Astraea is also a system of proactive detection. That is, it can detect not only already known threats, but also planned threats still just appearing in the heads of virus writers! By possessing a huge database of knowledge about how malware behaves in the real world, we can come up with behavior templates and add them to KSN too. The reaction time to new threats is currently 40 seconds; but with the proactive approach it will be equal to zero!
Another pro of Astraea: minimization of false positives.
On the one hand, the system works with both a gigantic statistical base and highly-honed mathematical model, which together permit bringing the quantity of false detections down to a minimum. Since 2010, when Astraea stepped up for battle duty, our specialists can’t recall a single more or less significant incident.
On the other hand, a mechanism controlling the human factor is built into the system. This automatically checks on the fly each attempt of a security analyst to add a new entry to the black or white list.
A couple of simple examples:
File “ABC” is on the list of clean files (white list), but suddenly Astraea receives a notification that our product has found a Trojan in it. The system finds a false signature, flags it as a false positive, and initiates the process of testing and correcting the detection.
Or like so: a security analyst in some mad rush of passion (or hangover) adds the file “XYZ” to the blacklist. However, the file already is on the whitelist. The system tells the analyst that he probably got a little too worked up (or drunk last night), and doesn’t permit the addition of the new entry until the conflict is sorted out.
Actually, Astraea on the whole is a system that’s expanding all the time, and there are simply too many examples of this to describe here.

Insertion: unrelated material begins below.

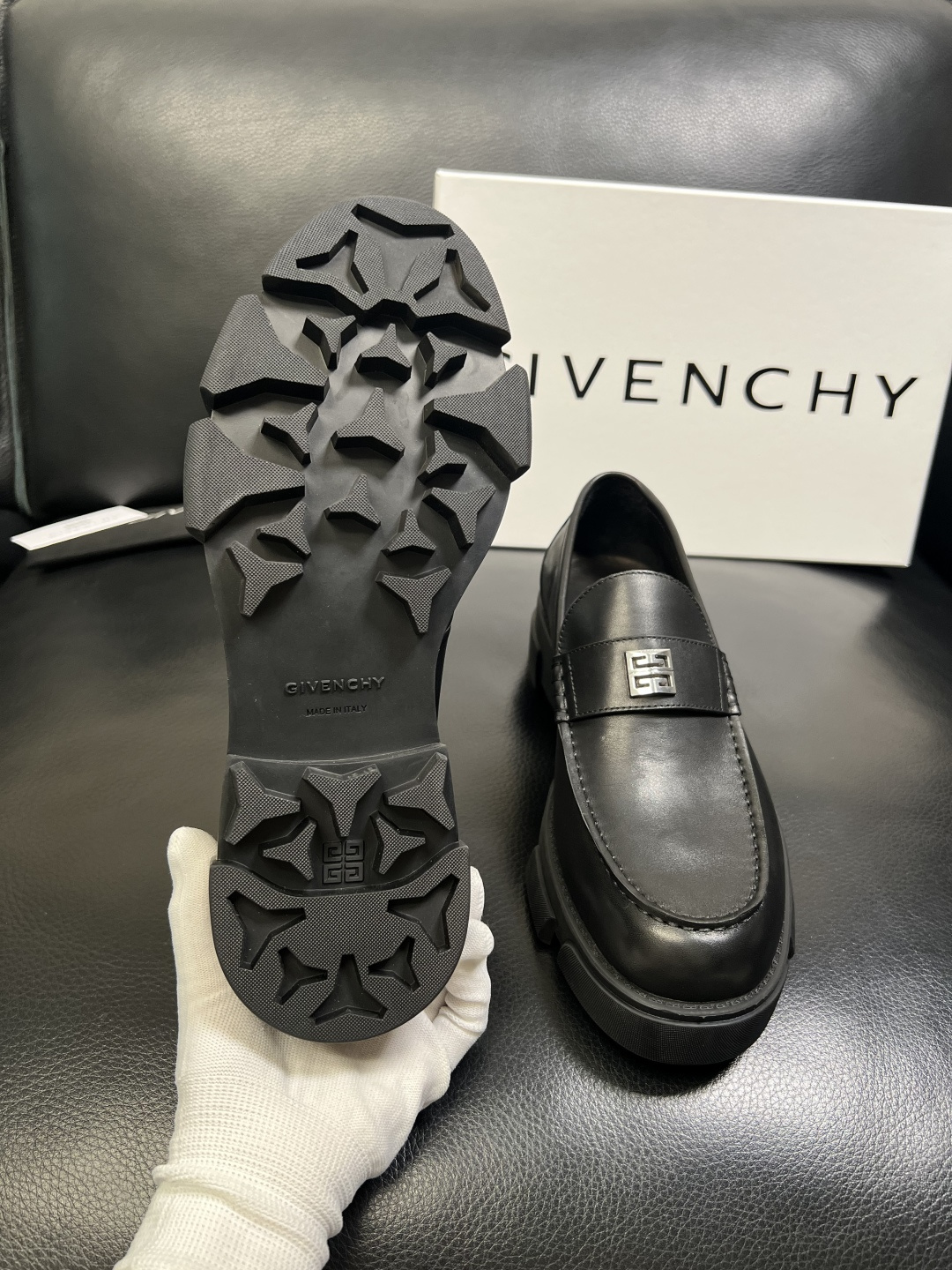 Givenchy 高品质 顶级工艺品 纪梵希 专柜同步原厂配置，意大利进口牛皮搭配网布面料，全鞋配件私模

With Astraea what we do is actively “dig” both wide and deep. We modernize the mathematical model of analysis of data, add new and reappraise existing criteria, bring in new technologies for raising the speed and quality of finding threats, and put into operation adjacent systems for building complex correlations. In general, our plans, as usual, are ambitious and far-reaching, but this can’t be a bad thing J. And since we’re at a peak of patent trollism, we’re steadily patenting these tasty morsels. Out of those already patented we have minimizing false positives, warning about virus outbreaks, and detecting previously unknown threats.